◆ EXERCISE OBJECTIVE
Using the listing below, copy exactly each line from the one that has "Kong Low Stuff Donkey" through the one that has "Captura 1 de Monster 4x4: World Circuit"; omit the pictures.

◆ DATA PROVIDED
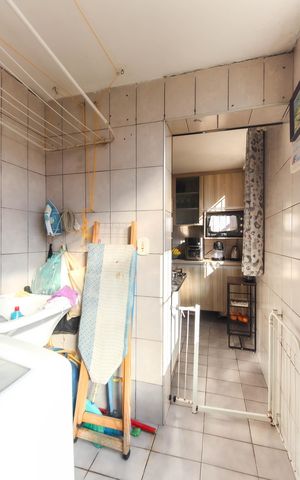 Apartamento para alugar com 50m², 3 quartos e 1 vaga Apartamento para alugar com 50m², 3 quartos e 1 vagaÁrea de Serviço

* * *

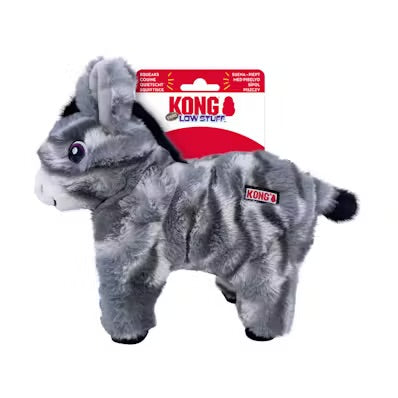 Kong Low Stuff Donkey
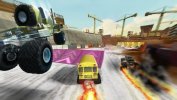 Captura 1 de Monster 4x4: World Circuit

◆ TASK SOLUTION
 Kong Low Stuff Donkey
 Captura 1 de Monster 4x4: World Circuit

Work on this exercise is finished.